Uma dose de paixão


A paixão é um dos maiores enganos da humanidade, aquele fogo que incendeia o seu corpo e lhe deixa febril, delirante, numa febre que não passa nem com mil antitérmicos. Já me apaixonei tantas vezes e quebrei a cara outras tantas, com esses mergulhos profundos que a gente dá em bacias com água pela metade. Não que foi ruim, pelo contrário, foram muito bons. O flerte, a troca de olhares, os beijos, o sexo, porém quando tudo isso acaba eu precisava de algo mais, pois parecia que em cada gozo minhas energias precisavam ser reabastecidas, não de mais uma rodada do sexo-brutal-pré-histórico, mas de silêncio e de paz.
E na paixão você não encontra sossego.

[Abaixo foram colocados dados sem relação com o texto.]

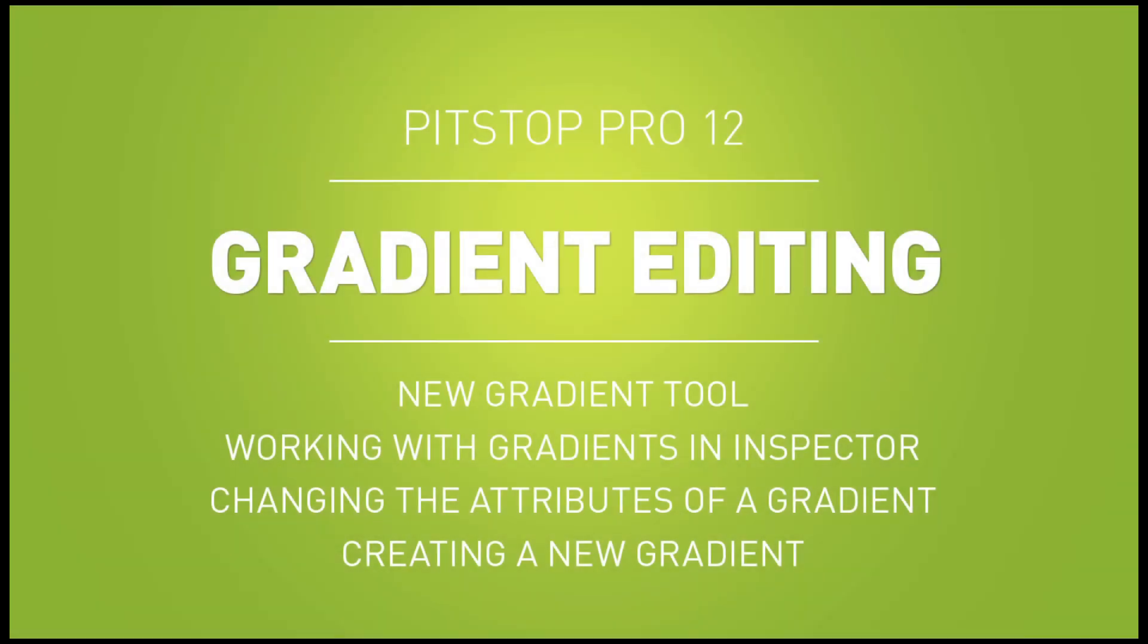Welcome to PitStop 12. The following video is one in a series of clips designed to highlight the latest features available in PitStop version 12.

Você fica antenada todos os dias, uma doente virtual buscando formas inimagináveis de corresponder aos anseios do outro. E se eu fizer desse jeito, e se experimentar esse novo brinquedo sexual, e se eu acender um palo santo no apartamento, fazer um jantar especial... O subjuntivo vira uma presença constante em seu vocabulário, como se a partir dali em sua vida só existisse esse modo verbal.
Você vive uma vida cheia de incertezas, sabe, porque isso de início lhe motiva, o arriscado nos amedronta e ao mesmo tempo nos excita, mas com o tempo cansa, porque a gente cai na besteira de se apaixonar mil vezes e por pessoas completamente opostas e fica num ciclo interminável de que ele vai ser o cara de minha vida, contudo eu morro para mim mesma e para todas as versões que eu invento de mim, antes daquilo sair do mundo de minhas abstrações malucas e pular para uma realidade palpável e apalpável, enquanto o príncipe vira sapo e eu busco outro antes de minha carruagem se transformar em abóbora.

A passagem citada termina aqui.